There Is No Poison Pill. Yet.

Since this is inevitably going to be the next outrage-cow to be milked in the name of faux-accountability, it makes sense to get out ahead of it.

WASHINGTON (Reuters) – The Senate voted on Saturday to extend a payroll tax cut for two months in legislation that also attempts to force President Barack Obama to approve construction of an oil pipeline.

The Senate overwhelmingly passed the legislation by a vote of 89-10. It is expected to be voted on by the House of Representatives next week, and if approved, will then go to Obama for his signature.

The measure also would extend long-term unemployment benefits for another two months. [...]

The payroll tax cut extension contains a provision many Democrats, including Obama, had opposed. It attempts to speed approval of construction of the Keystone XL oil pipeline from Canada to Gulf of Mexico facilities in Texas.

This bill does not guarantee the implementation of the Keystone Pipeline. What it does is move up the timeline the Obama administration has to make a decision, effectively forcing him to decide during election season rather than after.

I think it's a mistake on the Republican's part to assume he will approve of the pipeline if the decision is made sooner rather than later. In fact the very idea is contradictory to common sense. But if this allows an extension of unemployment benefits and payroll tax-cuts, even if only for two months while congress goes on vacation, so be it.

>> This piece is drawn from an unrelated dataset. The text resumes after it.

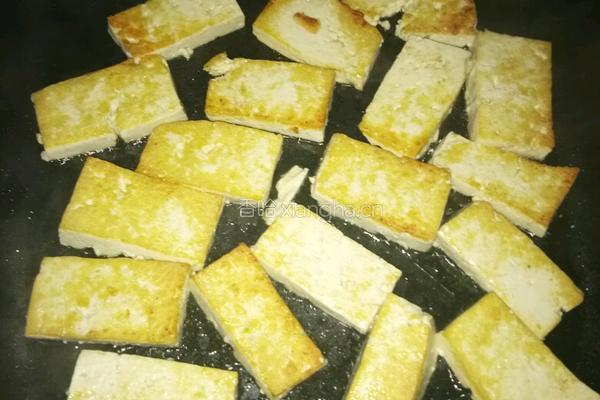 香煎豆腐的做法图解3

This bill also funds the government through next September, which basically solidifies the chances of the Bush Tax Cuts going away, because any legislation that would reverse the current baseline, which includes an automatic expiration of the Bush Tax Cuts, would have to be passed by October when fiscal 2013 begins.

There's no way any of the Bush Tax Cuts, whether its the low tier or high tier, will be extended two months out from the presidential election.

Last but not least, much like the recent passage of the National Defense Authorization Act, which passed by a margin of 86 to 13, this bill passed by a margin of 89 to 10, which makes both bills veto-proof. And while it's difficult to justify vetoing a bill just for symbolism's sake at the expense of average people, the option really isn't there anyway.

The overwhelming support both bills received in such short-order is a sign that congress is more concerned about going home for Christmas than doing their job.

This congress is a shit sandwich, and we're all having a bite. And because he is more interested in the best interests of average Americans rather than himself, President Obama is eating half the sandwich for us.